According to an ASFA executive who requested to remain anonymous, while these events would feature Peterson, they weren’t about him, they were about freedom of expression on campus.
They told The Concordian they have noticed an increasingly hostile environment at Concordia, particularly in the Faculty of Arts and Sciences, with certain groups of students feeling “disenfranchised.” This individual is “concerned over legitimately not being able to say what’s on their mind.”
According to the source, this has become a widespread issue at the university, manifesting as “hostility towards certain ideas … that’s aimed at censoring and blocking people.”
When asked to provide an example of this hostility, or an even example of the types of ideas being ostracized, the source refused.
The purpose of the events, according to the source, would be to encourage ideas, not censoring or suppressing information over people’s feelings – no “cancelling,” with the hope of improving critical thinking and discourse on campus.
The idea of freedom of speech on campus and fighting against the cancelling of other opinions is not new, and Peterson is largely to thank for that.
A large part of Peterson’s platform was about freedom of speech, the end of political correctness, and the attempt to end or discourage Marxist/radical left ideology on campus.
Several gendered-non-conforming people who spoke at the council meeting said their identity was not up for debate.
Many described the harassment they’ve received over their choice of pronouns and lifestyle, and pointed out that rhetoric like Peterson’s had only helped to inflame the discrimination they’ve faced.
In a statement to the The Concordian, ASFA Communications Coordinator Carmen Levy-Milne said showcasing Peterson’s views would contradict the organization’s anti-discrimination regulations.
“It is morally inappropriate to suggest that a speaker who is openly sexist, islamophobic, homophobic, anti-Semitic, racist, and transphobic speak at our university … The suggestion to openly platform a speaker contradicts our Policy against Harassment, Discrimination, and Violence,” said Levy-Milne.

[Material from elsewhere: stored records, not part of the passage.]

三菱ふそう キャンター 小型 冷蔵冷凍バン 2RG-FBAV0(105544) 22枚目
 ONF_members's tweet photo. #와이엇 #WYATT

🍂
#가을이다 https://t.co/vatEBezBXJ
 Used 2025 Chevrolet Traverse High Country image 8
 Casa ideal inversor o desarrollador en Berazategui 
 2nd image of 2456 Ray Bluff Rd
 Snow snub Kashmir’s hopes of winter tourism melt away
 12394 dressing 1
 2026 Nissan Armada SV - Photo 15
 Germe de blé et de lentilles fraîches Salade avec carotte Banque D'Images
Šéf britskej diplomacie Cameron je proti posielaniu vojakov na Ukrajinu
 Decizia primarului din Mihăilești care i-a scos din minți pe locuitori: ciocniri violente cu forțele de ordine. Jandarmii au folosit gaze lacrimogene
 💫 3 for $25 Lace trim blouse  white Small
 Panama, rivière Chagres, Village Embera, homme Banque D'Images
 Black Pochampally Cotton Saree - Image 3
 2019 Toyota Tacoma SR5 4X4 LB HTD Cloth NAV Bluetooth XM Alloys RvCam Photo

The motion to bar Peterson from being featured at the association followed this reasoning.
Proposed by Payton Mitchell, ASFA’s Mobilization Coordinator, the motion outlines that “Allowing Jordan Peterson to have this space would mean ASFA is directly facilitating an environment in which stochastic terrorism may be fostered here at Concordia.”
Peterson may no longer be platformed at ASFA or any of its member associations.
Peterson’s media representative at Penguin Random House Canada told The Concordian they had no comment.